Warren subsequently advances through UTOPIA's launch platform in order to stop the rocket, until he is confronted by an amalgam of the nanites' consciousnesses, the "Rogue Process". Upon its defeat, the player is presented with two different endings:

- if a plot-critical audiolog was recovered and uploaded into the rocket's payload, the nanites will be rendered inert. A United States Army squad is sent to investigate the now silent facility, succumbing quickly to its deranged denizens and a still alive Rogue Process. Realizing the danger, further military action is taken.
- if the payload was launched intact, worldwide communication and radar equipment will quickly start to fail as the Rogue Process takes them over, dooming mankind. This ending is considered canon in The Surge 2.

Regardless of the player's choice, an epilogue is played from Warren's perspective as he slowly crawls out of the wrecked maglev station he initially arrived in, his exoskeleton gravely damaged and disabled, cutting to black just as he is within reach of his wheelchair.

==Development==
Development of The Surge began in August 2015. The first concept art and pre-alpha gameplay footage was publicly shown in March 2016, in advance to German site PC Games Hardware. The game is powered by the FLEDGE engine, developed from scratch by Deck13 Interactive for PlayStation 4 and Xbox One, and features integration of Nvidia GameWorks. The game was released on 16 May 2017 for Microsoft Windows, PlayStation 4, and Xbox One, and on 20 October 2020 for Amazon Luna.

==Reception==

The Surge received "mixed or average" reviews, according to review aggregator Metacritic.

IGN stated, "The Surge makes good use of its detailed sci-fi setting and provides an engaging experience throughout the 30 to 40-hour campaign, mostly thanks to its widely customizable inventory and wickedly fun combat system. It may struggle to keep the action moving and tell a strong story amid the chaos of battle, and its weapon progression plateaued early, but it offers some interesting ideas and delivers a solid new take on a familiar genre." While Game Informer stated, "I didn't mind investing over 50 hours to the grind in The Surge.
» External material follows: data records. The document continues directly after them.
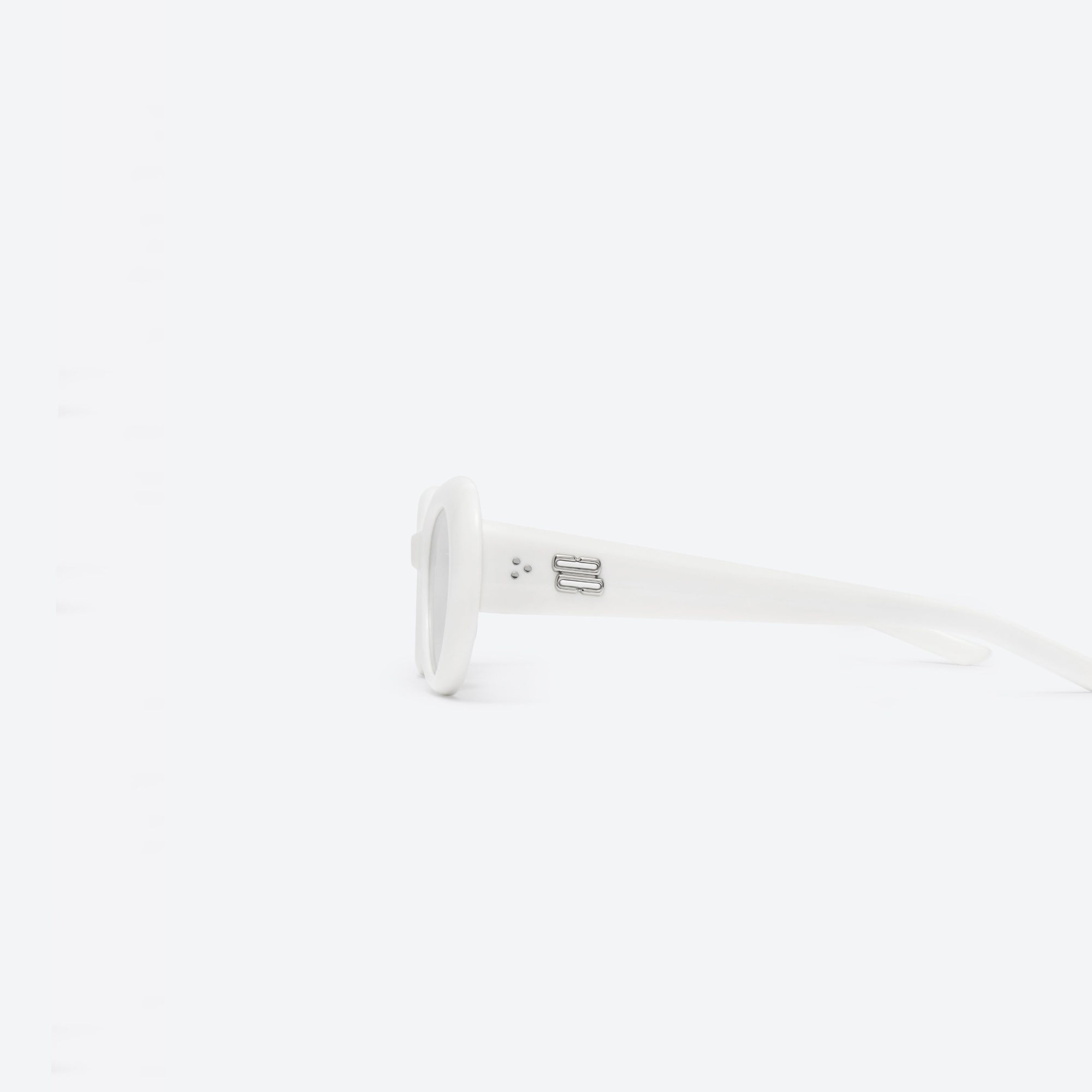 A detailed left view of Gentle Monster Avon W2 White Acetate framed Oval sunglasses.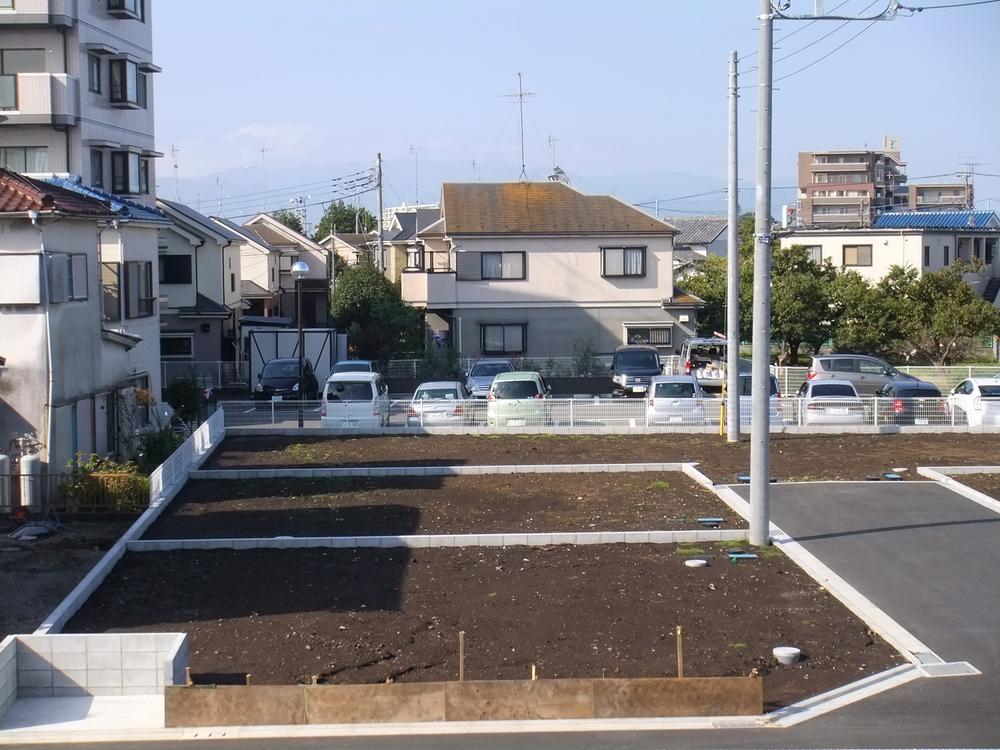 Local photos, including front road. Local (11 May 2013) Shooting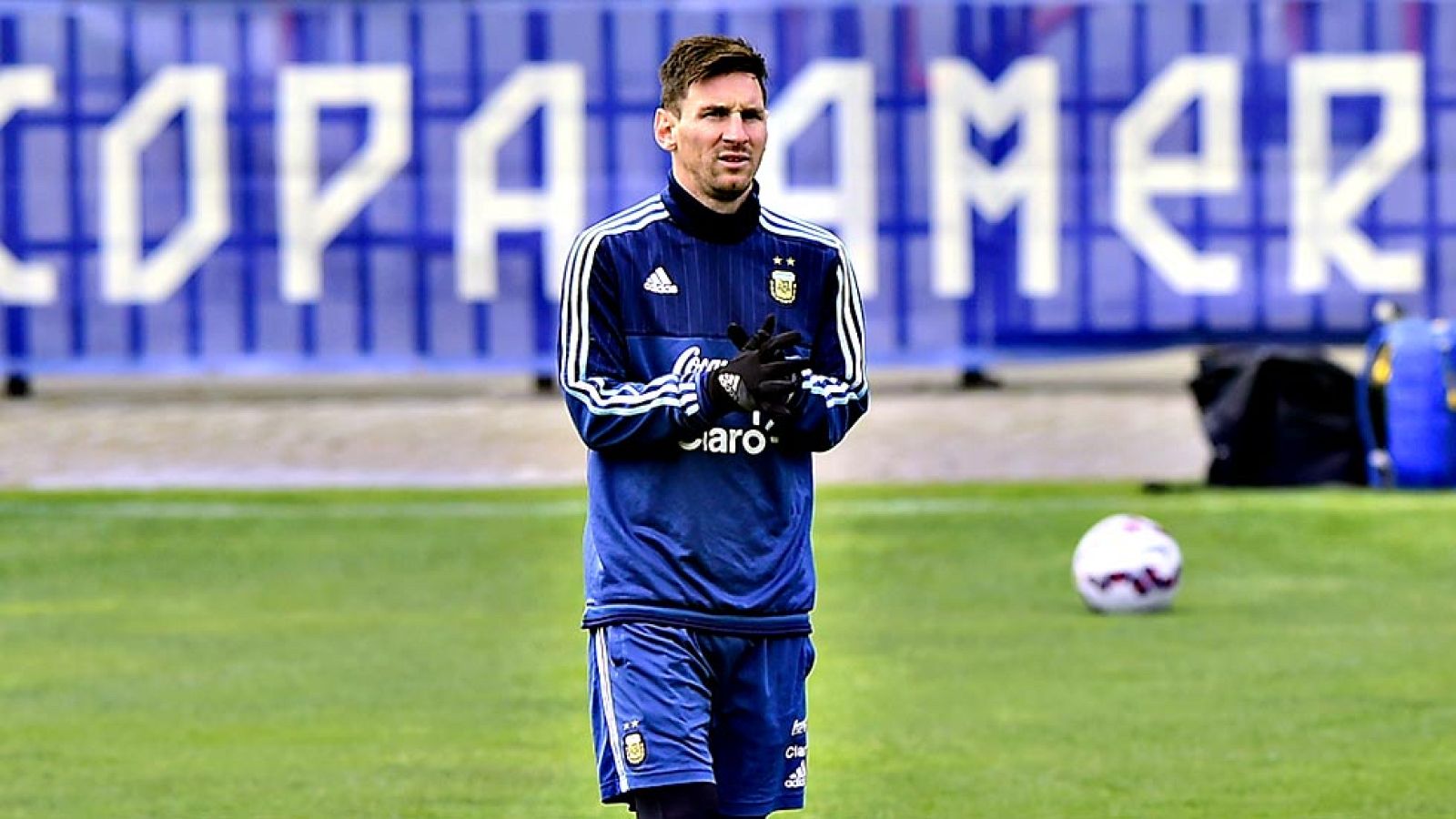 Este sábado Chile y Argentina disputarán la final de la Copa América 2015 en el Estadio Nacional de Santiago. Nunca antes ambos combinados se habían visto las caras en la lucha por un título. Además, hace un año la albiceleste perdió la final del Mun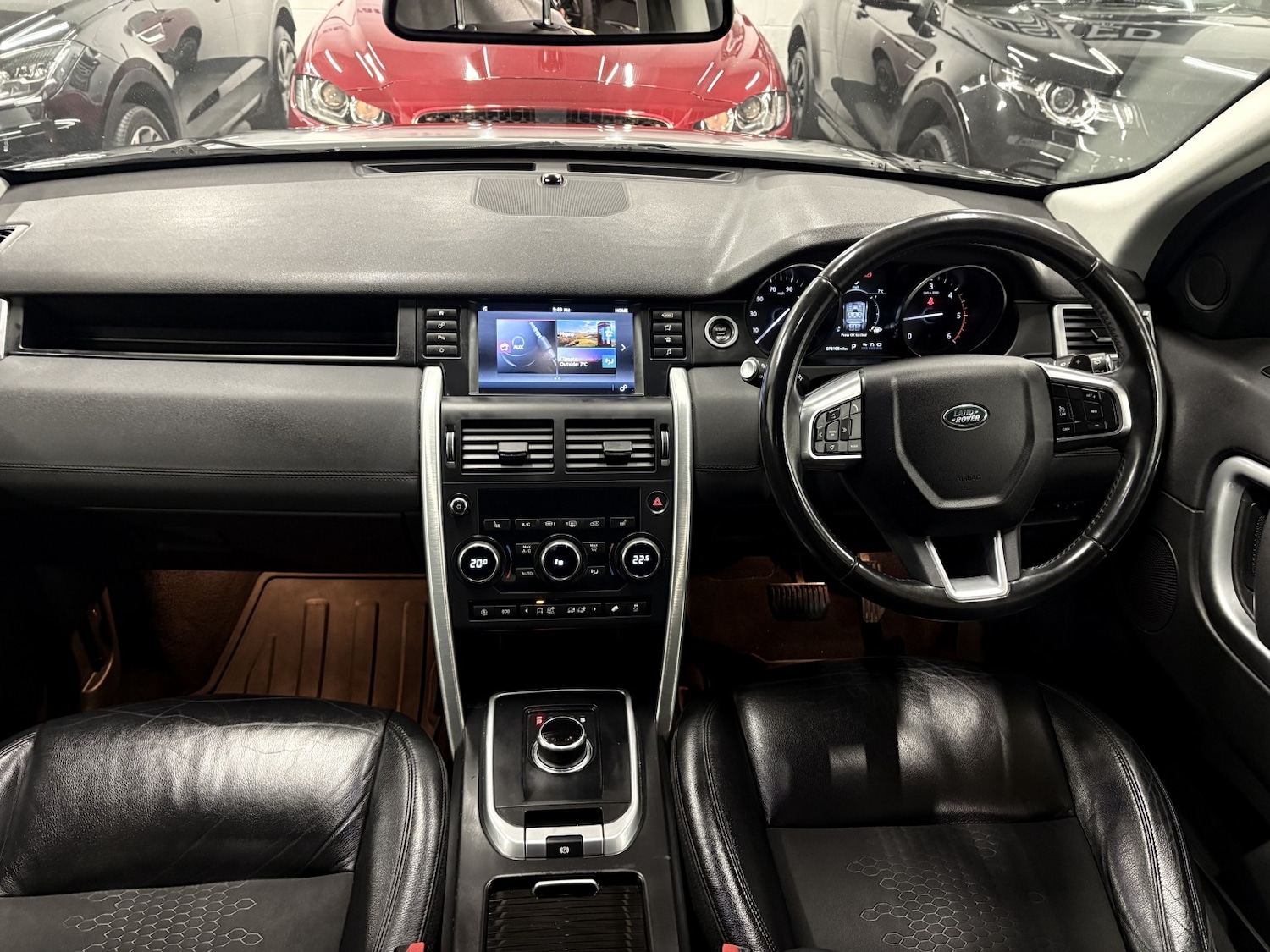 Used Land Rover Discovery Sport 2018 for sale - 76863898: Photo 58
I felt powerful at times and exploring every little area rewarded me with a nice bounty. It just clings too tightly to a one-note approach to world building, enemy encounters, and level design. This is a genre that has a rich history of wowing players, sometimes from the look of a boss, and maybe even the design of the world it inhabits. I was never dazzled by The Surge. I mostly felt like I was battling animated junk in a junkyard."

Aggregate score
| Aggregator | Score |
|---|---|
| Metacritic | PC: 72/100 PS4: 73/100 XONE: 74/100 |

Review scores
| Publication | Score |
|---|---|
| Destructoid | 6.5/10 |
| Electronic Gaming Monthly | 6.5/10 |
| Game Informer | 7/10 |
| GameSpot | 7/10 |
| IGN | 7.9/10 |
| PC Gamer (US) | 60/100 |
| Polygon | 8/10 |

==Sequel==

It was announced on February 8, 2018 that a sequel was in early development for a 2019 release. The Surge 2 was released on September 24, 2019, on PC, PS4 and Xbox One.